I have to rant about teaching a bit (again).
I’m doing course assignments this year and a relatively junior faculty member just tells me that he doesn’t want to be in rotation to teach a certain required undergraduate course any more. He just doesn’t want to! Why? Well, he taught it three times and his evaluations were always bad, “ruining his excellent teaching record.” His record is not excellent. Anyone (you’d hope) can teach well an upper-level graduate course in own specialty. Tbh, he’s not fabulous even there based on the numbers; there are much better people. My own grad students took his courses and do not consider him particularly good.
The freakin’ ego on people, seriously.
So he just doesn’t want to do it. And there’s a senior faculty member who doesn’t want to do it either, for the same reason (bad evals).
I have blogged about this course before. The material is hard and abstract. It’s not easy to teach, and it takes a ton of thought and time to do it right. But I have taught it many times and I’ve always received good evaluations because: a) I really care that the lectures are engaging; b) I learn everyone’s name even though it’s a huge class because that increases student engagement and class attendance; c) I carefully craft homework and exams; d) I have a ton of office hours, with extra ones the day before the exams; e) I often teach discussion. It is absolutely possible to get good evaluations in these large undergraduate courses, even as a woman instructor, but it requires a lot of work.
Here are some things I have suggested that the colleague do in order to help him engage students more. (Btw, I sat in on his classes several times. He knows the material, but he is deathly, deathly boring. If I were the student, I’d likely stop coming to class. )

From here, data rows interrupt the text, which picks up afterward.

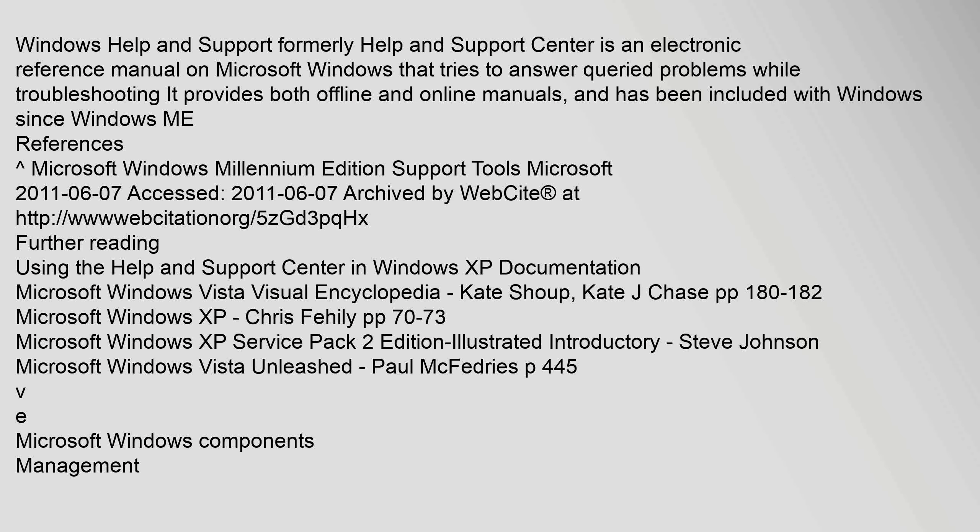Windows Help and Support, formerly Help and Support Center, is an electronic reference manual on Microsoft Windows that tries to answer queried problems while troubleshooting. It provides both offline and online manuals, and has been included with Windows since Windows ME. References: Microsoft Windows Millennium Edition Support Tools, Microsoft, 7 June 2011, accessed 7 June 2011.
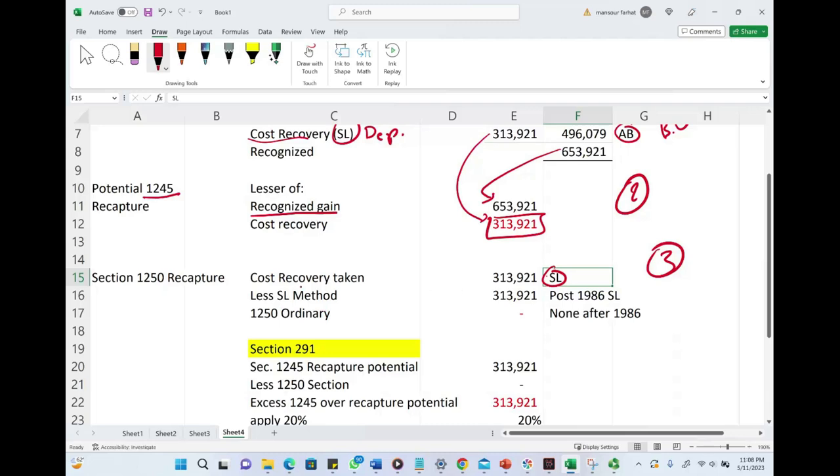The straight-line method is the same as the cost recovery because this property was placed in service post-1986. For commercial property, we use straight-line. Therefore, Section 1250 recapture is zero.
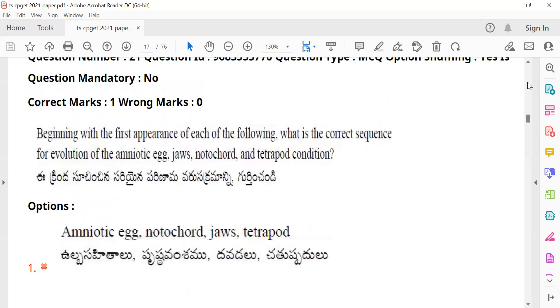Question 21: 'Beginning with the first appearance of each of the following, what is the correct sequence of evolution of the amniotic egg, jaws, notochord, and tetrapod condition?' Students need to arrange these evolutionary milestones in the correct chronological sequence.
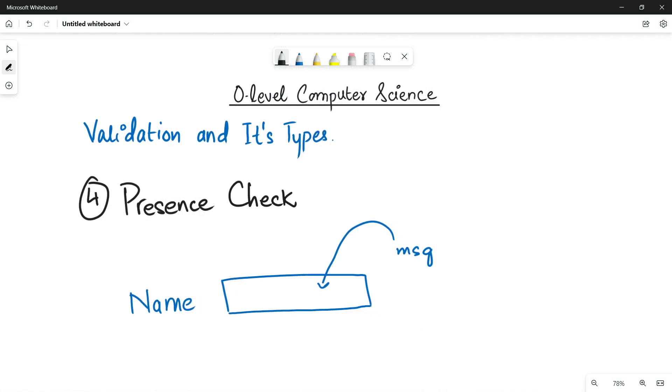Stay tuned. Stay connected. In the next video, we will be talking about the format check and the check digits. Bye-bye.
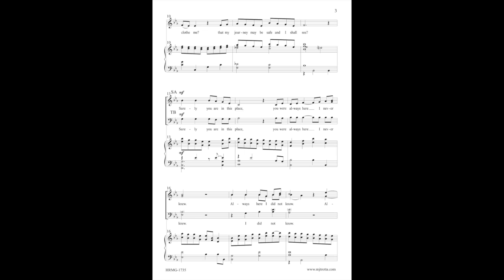Surely you are in this place. You were always here, I never knew. Always here, I did not know.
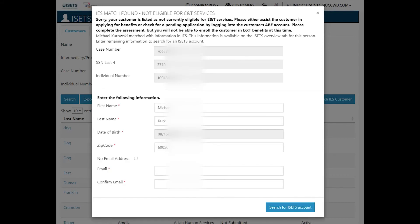If your customer's eligibility is not current, you will get the notification that you can complete the application for ISETS and then potentially help your customer or help them through the eligibility process.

I suggested to switch to three times a week instead of twice, as undergrads needs more contact with the material, plus the material is hard and they can’t keep focus for that long. He doesn’t want to because he wants to spend minimal time on teaching and focus on research.
I suggested he teach discussions or introduce more office hours (he has them once a week) to increase contact time with students. He doesn’t want to because he wants to spend minimal time on teaching and focus on research.
I suggested he get comfortable with the course materials: maybe find a different book or make his own notes; tailor the homework and exams a little bit rather than use previous-year materials made by someone else; decide what to focus on, maybe cut some material out or put something else in. His answer? He doesn’t want to because he wants to spend minimal time on teaching and focus on research.
So, to summarize. You have poor teaching evaluations because you don’t care about teaching at all and don’t want to invest time or effort into it, and undergrads are not stupid and can tell who cares and who doesn’t, and most of them do actually appreciate people caring about teaching. Now, since you didn’t want to put in the work and got poor evaluations you want us to reward you by never having to teach this course again.
It makes me livid because the reward for doing a good job with time-consuming teaching assignments is getting to do even more time-consuming teaching assignments, which cuts down your time for research.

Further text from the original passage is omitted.